I enjoy a good visualization, but at best they're high level graphical powerpoints, and in this case I found the animations more distracting than useful.
Also, if you're going to do a 30k foot view of a technical topic, you might want to tell people what GPT3 is somewhere in there.
I agree that in this case the animated parts of the graphics were not needed, it's an easy pitfall to be distracted by the beautiful aspects of visualisations when crafting them.
I feel the need to defend the author though, it's hard to make research accessible while still distilling valuable insight. I think his post on transformer networks [1] did a good job for example, and you'll appreciate the lack of animations.
Yes this seems like an early work in progress, compared to Jay's previous Transformer articles.
In addition to your link, I've found a really good Transformer explanation here (backed by a Github repo w/ lively Issues talk): http://www.peterbloem.nl/blog/transformers
I few this comment is overly negative. Just to provide a counter-datapoint, I have seen quite a bit of GPT3 on HN lately but could not understand the research papers at all. It’s too abstract, and I often fail to see what they really mean.
This article and the animations definitely helped me a lot in understanding this. I learned quite a few things, so thanks a lot to the author!

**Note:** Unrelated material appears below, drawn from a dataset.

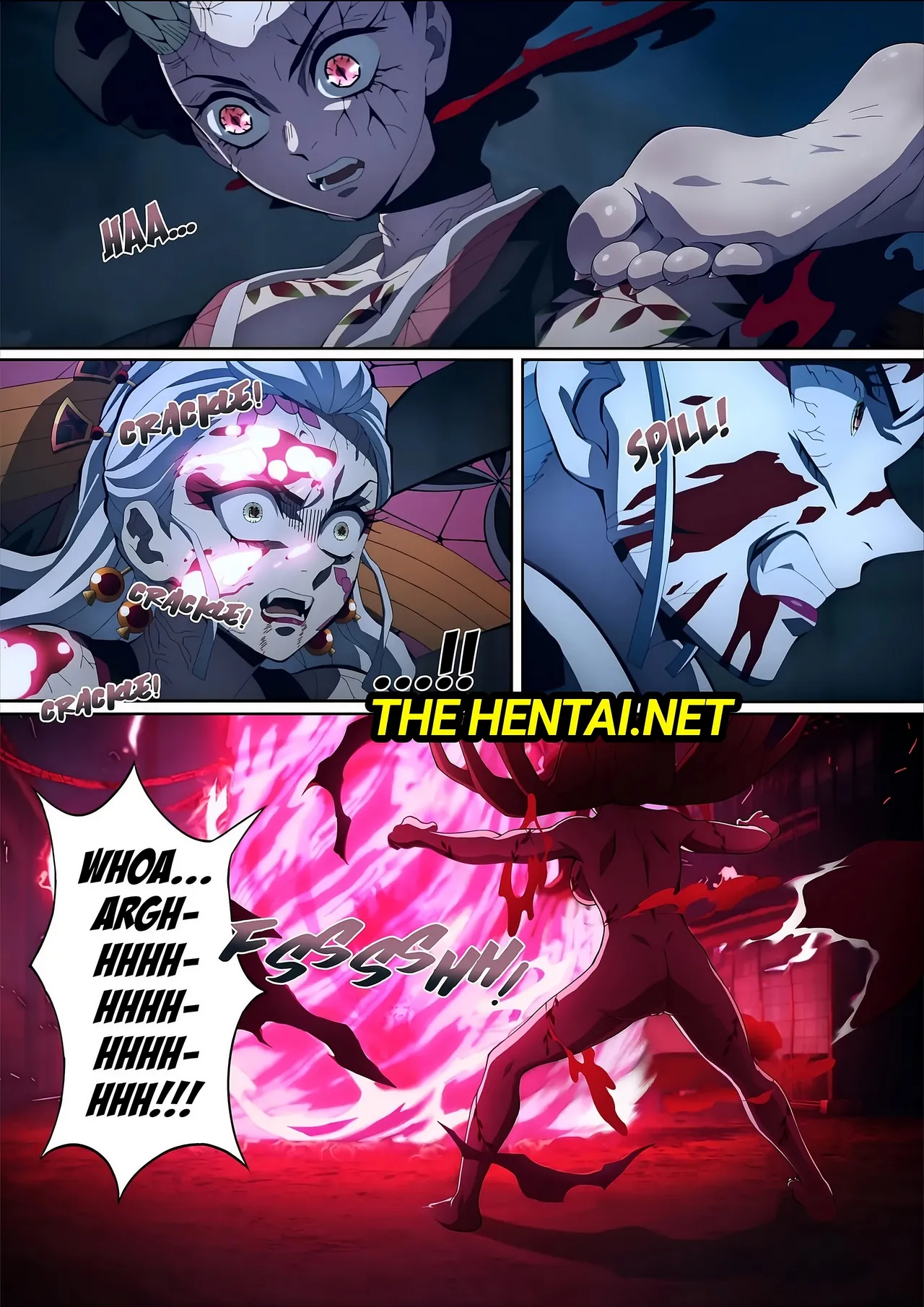 [Foot Croft] Daki's Blood Demon Art Trample [Portuguese-BR] [Colorized] 27eme image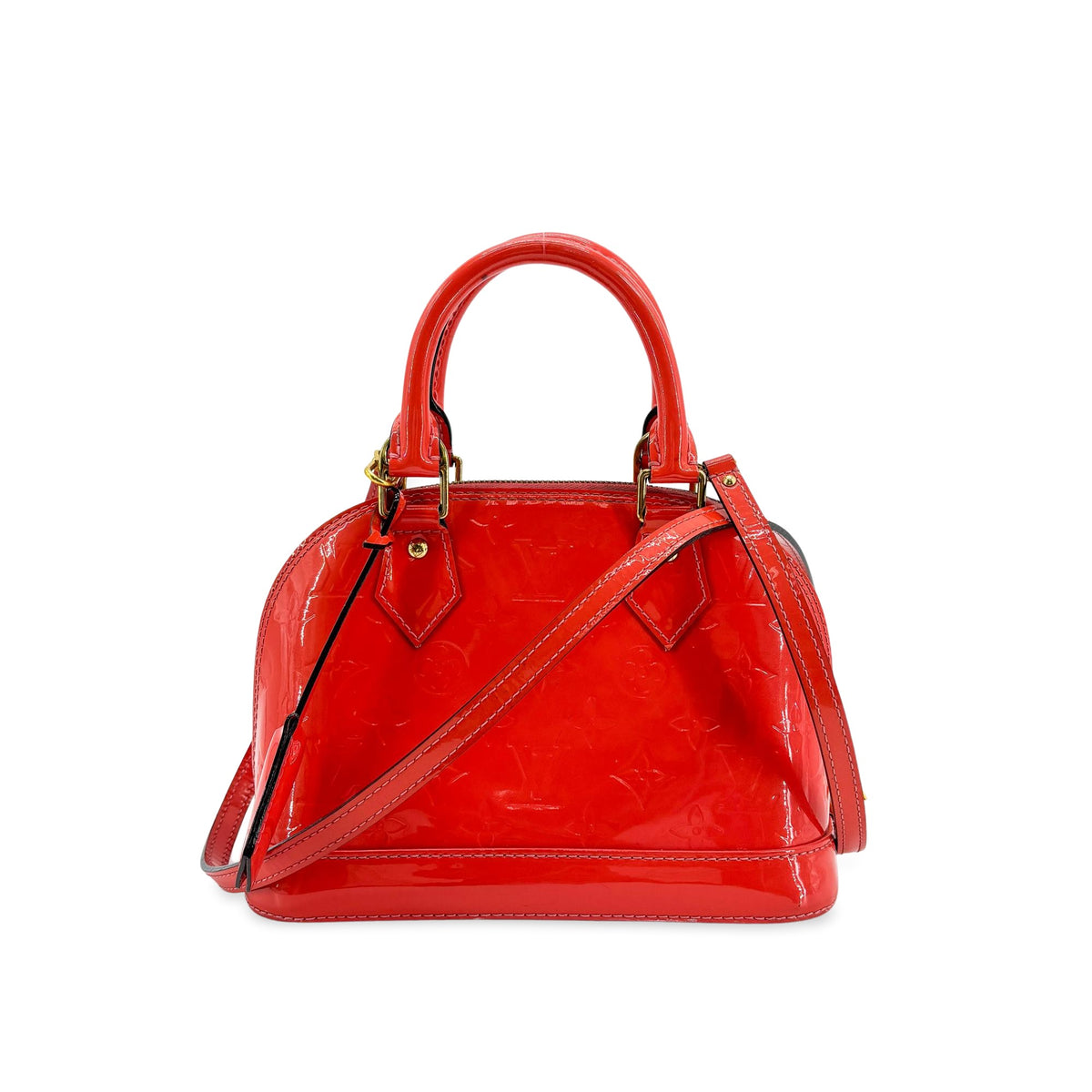 Louis Vuitton Alma BB Monogram Vernis Rossa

Openning OP's page on a slow 4G connection via hotspotting from my smartphone, the whole page makes no sense because I can't know if I should wait for something to move or carry on.
My head was getting dizzy and had to stop mid way. People were smart enough to create animations but not sensitive enough to know whether it is too much.
Also, if you're going to do a 30k foot view of a technical topic, you might want to tell people what GPT3 is somewhere in there.